Al principio del secolo, durante i lavori di decorazione di una cappella nel monastero delle francescane di S. Micheletto a Lucca, per collocarvi la sua tela con l’Apparizione della Vergine a suor Luisa Biagini, Tofanelli scoprì un antico quadro raffigurante l’Ultima cena, secondo lui utilizzato da Leonardo come modello per la sua celebre opera. Dopo una serie di vicissitudini, redasse alcune Osservazioni sul dipinto, accompagnate da disegni, che inviate a Roma riscossero molti consensi, tanto che i fratelli Riepenhausen si offrirono d’incidere l’opera (novembre 1812), ma il progetto fu abbandonato a causa della morte di Tofanelli (ibid., pp. 210-220).

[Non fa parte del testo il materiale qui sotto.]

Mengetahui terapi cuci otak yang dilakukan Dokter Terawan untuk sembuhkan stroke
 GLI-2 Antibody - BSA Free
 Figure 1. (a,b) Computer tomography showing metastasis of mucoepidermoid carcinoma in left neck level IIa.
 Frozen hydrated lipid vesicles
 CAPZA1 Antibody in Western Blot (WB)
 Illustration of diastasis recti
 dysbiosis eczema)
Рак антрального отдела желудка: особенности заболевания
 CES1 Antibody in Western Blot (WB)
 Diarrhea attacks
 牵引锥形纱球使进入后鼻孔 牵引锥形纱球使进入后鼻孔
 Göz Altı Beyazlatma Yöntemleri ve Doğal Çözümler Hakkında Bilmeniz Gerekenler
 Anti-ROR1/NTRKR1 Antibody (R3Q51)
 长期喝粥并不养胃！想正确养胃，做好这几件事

Il 29 novembre 1812 il pittore morì a Lucca, circondato dagli allievi, che ne fecero la maschera funebre (Ridolfi, 1879). Due lapidi lo ricordano in S. Salvatore della Misericordia, dove fu sepolto qualche tempo dopo, e nella chiesa romana di S. Croce dei Lucchesi, col cenotafio dedicatogli dal fratello Agostino.
T. Trenta, Memorie e documenti per servire all’istoria del Ducato di Lucca, VIII, Lucca 1822, pp. 180-194; Scritti d’arte e d’antichità di Michele Ridolfi pittore, a cura di Enrico suo figlio, Firenze 1879, pp. ix s.; S. Susinno, I ritratti degli accademici, in L’Accademia Nazionale di San Luca, a cura di C. Pietrangeli, Roma 1974, pp. 263 s.; R.P. Ciardi, Per Elisa: appunti sulla situazione artistica a Lucca durante il periodo napoleonico, in Il principato napoleonico dei Baciocchi (1805-1814): riforma dello stato e società (catal.), Lucca 1986, pp. 259-277; A. Tosi, Aspetti della pittura lucchese durante il principato, ibid., pp. 302-312; R. Giovannelli, Tofanelli, Morghen, Leonardo..., in Labyrinthos, XIII (1994), 25-26, pp. 197-230; S. Grandesso, S. T., in Aequa Potestas: le arti in gara a Roma nel Settecento (catal.), a cura di A. Cipriani, Roma 2000, pp. 46 s.; S. Grandesso, S. T., in Quadreria 2001. Arte in Italia, 1780-1930: tradizione e continuità (catal.), Roma, galleria Carlo Virgilio, 2001, pp. 12-14; I. Belli Barsali, Per S. T.: “Primo pittore di sua altezza imperiale” (1752-1812) (1986), in Isa Belli Barsali per la città di Lucca. Scritti scelti dal 1947 al 1986, a cura di M.T. Filieri, Lucca 2004, pp. 269-298; D. Vasta, La pittura sacra in Italia nell’Ottocento: dal Neoclassicismo al Simbolismo, Roma 2012, p. 132.